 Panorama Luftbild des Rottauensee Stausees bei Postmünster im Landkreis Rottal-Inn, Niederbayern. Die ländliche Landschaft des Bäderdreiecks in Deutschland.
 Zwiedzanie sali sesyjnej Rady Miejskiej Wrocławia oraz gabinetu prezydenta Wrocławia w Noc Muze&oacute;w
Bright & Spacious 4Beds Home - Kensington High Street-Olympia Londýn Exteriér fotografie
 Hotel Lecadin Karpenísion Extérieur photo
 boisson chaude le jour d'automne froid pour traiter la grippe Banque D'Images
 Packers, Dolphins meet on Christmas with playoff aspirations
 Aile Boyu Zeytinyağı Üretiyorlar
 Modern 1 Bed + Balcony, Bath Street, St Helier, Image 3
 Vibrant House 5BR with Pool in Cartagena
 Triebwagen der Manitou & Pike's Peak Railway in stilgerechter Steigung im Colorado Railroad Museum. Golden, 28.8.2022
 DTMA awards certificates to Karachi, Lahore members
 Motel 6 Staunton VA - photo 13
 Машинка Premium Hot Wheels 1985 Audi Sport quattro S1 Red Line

----------------------------------------

Your instructions: Whenever "with" occurs in a line above, copy that line.

Output of the task:
 Packers, Dolphins meet on Christmas with playoff aspirations
 Vibrant House 5BR with Pool in Cartagena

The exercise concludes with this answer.